> **Task requirements**
Starting at the line that contains "K-9 Mine Bark Park - Globe, AZ" in the listing below, write out every line word for word until you have written the line that contains "Cockapoo dogs for".

> **Supplied data**
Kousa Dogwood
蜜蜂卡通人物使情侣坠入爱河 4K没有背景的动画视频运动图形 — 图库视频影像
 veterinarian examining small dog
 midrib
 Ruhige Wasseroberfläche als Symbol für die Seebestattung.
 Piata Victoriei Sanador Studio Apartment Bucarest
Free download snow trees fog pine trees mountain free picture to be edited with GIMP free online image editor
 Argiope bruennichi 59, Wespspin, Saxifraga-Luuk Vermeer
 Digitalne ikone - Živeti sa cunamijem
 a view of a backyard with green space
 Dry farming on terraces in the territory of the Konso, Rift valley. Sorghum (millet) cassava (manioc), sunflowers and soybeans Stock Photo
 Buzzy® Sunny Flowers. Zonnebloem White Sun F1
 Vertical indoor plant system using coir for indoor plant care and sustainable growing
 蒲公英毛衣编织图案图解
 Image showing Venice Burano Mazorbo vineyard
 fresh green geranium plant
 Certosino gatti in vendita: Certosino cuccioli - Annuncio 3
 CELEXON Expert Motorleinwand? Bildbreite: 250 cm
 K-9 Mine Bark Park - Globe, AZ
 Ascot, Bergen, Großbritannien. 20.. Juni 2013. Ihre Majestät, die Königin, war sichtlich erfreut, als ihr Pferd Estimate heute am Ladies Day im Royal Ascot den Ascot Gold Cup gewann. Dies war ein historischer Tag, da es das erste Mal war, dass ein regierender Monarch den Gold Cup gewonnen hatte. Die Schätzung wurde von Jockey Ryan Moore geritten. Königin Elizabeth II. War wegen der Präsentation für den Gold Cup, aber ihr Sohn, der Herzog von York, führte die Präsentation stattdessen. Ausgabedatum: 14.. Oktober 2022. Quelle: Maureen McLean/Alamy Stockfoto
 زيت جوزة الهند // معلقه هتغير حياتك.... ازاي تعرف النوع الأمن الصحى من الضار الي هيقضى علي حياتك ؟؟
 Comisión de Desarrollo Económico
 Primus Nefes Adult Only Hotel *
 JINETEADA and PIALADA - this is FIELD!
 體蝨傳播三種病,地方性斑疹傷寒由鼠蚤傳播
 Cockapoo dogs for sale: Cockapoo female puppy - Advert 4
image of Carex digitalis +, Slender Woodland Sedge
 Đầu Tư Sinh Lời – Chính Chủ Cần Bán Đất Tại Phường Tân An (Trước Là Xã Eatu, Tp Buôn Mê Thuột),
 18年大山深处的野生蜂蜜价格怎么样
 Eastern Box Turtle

> **Answer box**
 K-9 Mine Bark Park - Globe, AZ
 Ascot, Bergen, Großbritannien. 20.. Juni 2013. Ihre Majestät, die Königin, war sichtlich erfreut, als ihr Pferd Estimate heute am Ladies Day im Royal Ascot den Ascot Gold Cup gewann. Dies war ein historischer Tag, da es das erste Mal war, dass ein regierender Monarch den Gold Cup gewonnen hatte. Die Schätzung wurde von Jockey Ryan Moore geritten. Königin Elizabeth II. War wegen der Präsentation für den Gold Cup, aber ihr Sohn, der Herzog von York, führte die Präsentation stattdessen. Ausgabedatum: 14.. Oktober 2022. Quelle: Maureen McLean/Alamy Stockfoto
 زيت جوزة الهند // معلقه هتغير حياتك.... ازاي تعرف النوع الأمن الصحى من الضار الي هيقضى علي حياتك ؟؟
 Comisión de Desarrollo Económico
 Primus Nefes Adult Only Hotel *
 JINETEADA and PIALADA - this is FIELD!
 體蝨傳播三種病,地方性斑疹傷寒由鼠蚤傳播
 Cockapoo dogs for sale: Cockapoo female puppy - Advert 4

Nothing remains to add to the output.